Thursday, September 14, 2006

Foxes and Other Vocalizing Animals

Our neighbors mentioned to us a few nights ago that the foxes that hunt in our back yards also vocalize when they are mating. “If you hear what sounds something like a baby being murdered, it's the foxes.”


However, some of what I've recently heard in the night wasn't foxes. It is a fact of city life that with people living close to one another, their privacy is compromised. Sound travels. I think that's as explicit as I care to be except to say that I heard loud vocalizations three times during the night, and only once do I think it could possibly have been foxes.

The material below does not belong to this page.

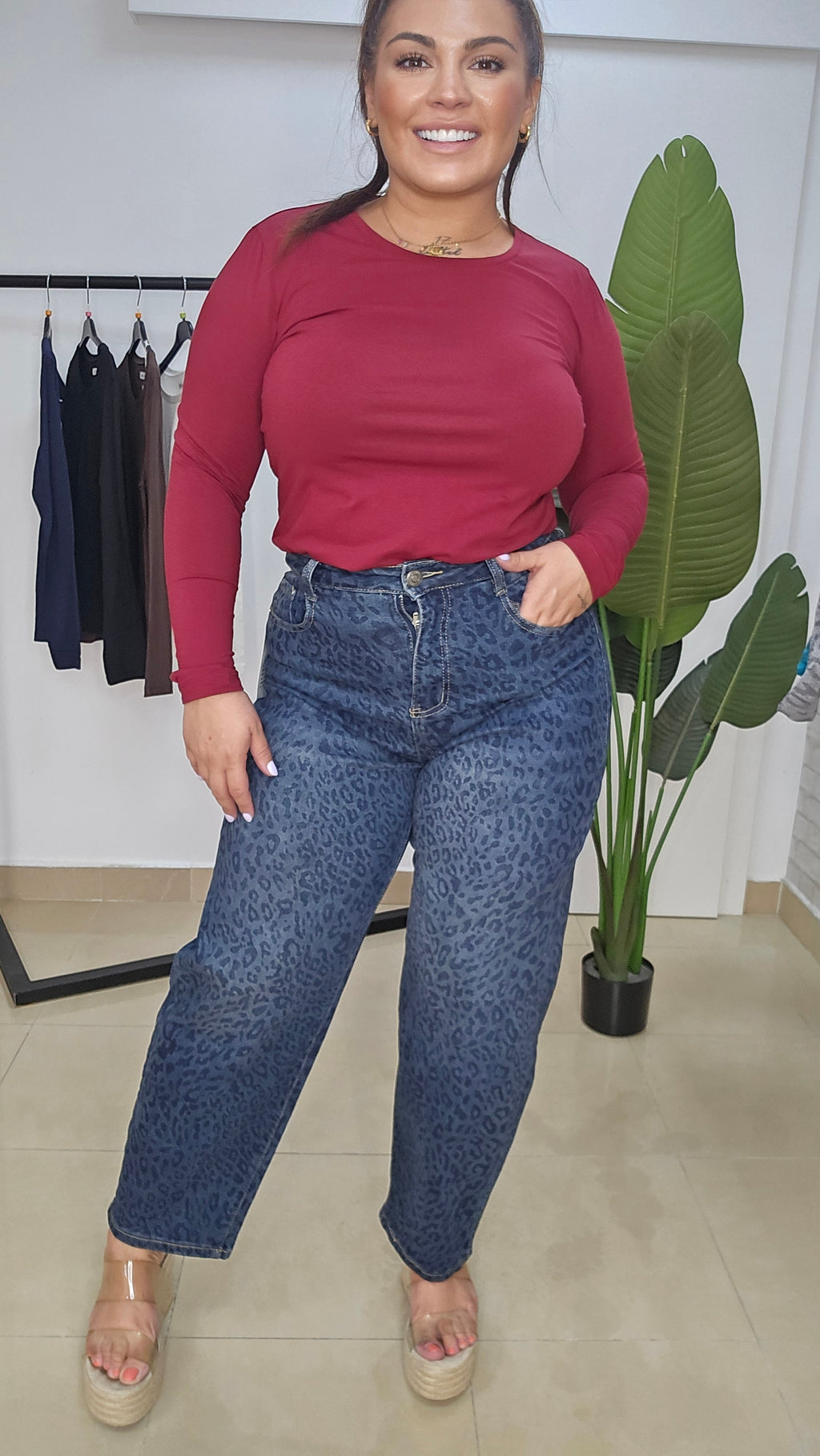 Pantalon Vaquero Leopardo Inma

I bring this up at all, really, to reveal the sort of life that Holly and I have together. These incidents in the night resulted in the two of us having a breakfast conversation about the evolutionary significance of sexual vocalizations. We made distinctions between communicative and expressive speech acts, talked about the function of emotional expression as a mechanism for both intensifying the emotion and for informing the individual about what he or she is feeling. We used the word “teleological.”


We are, in short, science geeks.


Odd and Ends


Our British Telecom phone line was supposed to be turned on on September 11, but we still don't get a dial tone. Holly called BT from her office phone at the London Business School. “It seems there is a problem with the exchange,” said the woman she spoke to. “We'll get it sorted out.”


“I want to make sure,” Holly said, “that we won't start being billed for phone service until we actually have phone service.”


“We're bad,” said the BT agent, “but we're not that bad.”


========================


We have made appointments to be interviewed for our National Insurance Numbers. Unfortunately, the appointments we made conflict with travel plans, so we want to change our appointments. The local job centre where we are to have our interviews is impossible to call. At any time of day or night, the line is busy.


Holly called the central job centres office, where we made our initial appointment. They told her that while they could book initial appointments, they could not book changes. They looked for an alternative number for our job centre and found none. Holly asked them to try calling the local centre themselves. They tried, but could no more get through than we could. Finally, Holly tried e-mail.


“Thank you for your comment,” said the automated reply. It went on to say that one should not expect a reply, or even that the message would be read any time soon. For matters requiring a response, a phone call was advised.


“At least it's better than the old Soviet Union,” Holly said, remembering that Russian has no native word for “efficiency.”